Of course, the jokes themselves can also be pretty entertaining on their own, with cartoony gags like the ghost getting high with the protagonists (complete with smoke-filled invisible lungs) and a series of silly The Exorcist homages towards the end of the movie. The major issue here is that these legitimately funny and genre-specific jokes are often accompanied by repetitive attempts at low-brow humor that you could find in any other cheap comedy.

Not a good idea.

Not only are some of these painfully drawn out “jokes” incredibly unfunny, but they can also be remarkably offensive in some cases. There are some pretty insensitive allusions to sexual assault here, as well as a collection of secondary characters defined by negative racial stereotypes (even though I chuckled heartily when the Latina maid was revealed to have been faking her poor English the entire time).

Cinephiles often claim that increasingly sloppy writing led to audiences giving up on spoof movies, but the fact is that many of the more beloved examples of the genre contain some of the same issues as later films like A Haunted House – it’s just that we as an audience have (mostly) grown up and are now demanding more from our comedy. However, this isn’t the case everywhere, as – much like the Elves from Lord of the Rings – spoof movies never really died, they simply diminished.
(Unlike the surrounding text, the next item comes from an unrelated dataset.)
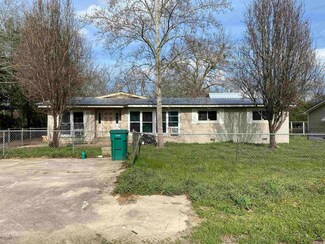 111 S 4th St, Cochran, GA 31014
A Haunted House made so much money that they immediately started working on a second one that released the following year (to even worse reviews), and the same team would later collaborate once again on yet another spoof, 50 Shades of Black. This kind of film clearly still exists and still makes a lot of money (especially here in Brazil), they just don’t have the same cultural impact that they used to in a pre-social-media-humor world.

At the end of the day, A Haunted House is no comedic masterpiece, failing to live up to the laugh-out-loud thrills of films like Scary Movie 3, but it’s also not the trainwreck that most critics made it out to be back in 2013. Comedy is extremely subjective, and while the raunchy humor behind this flick definitely isn’t for everyone, I still think that this satirical romp is mostly harmless fun that might entertain Found Footage fans that don’t take themselves too seriously.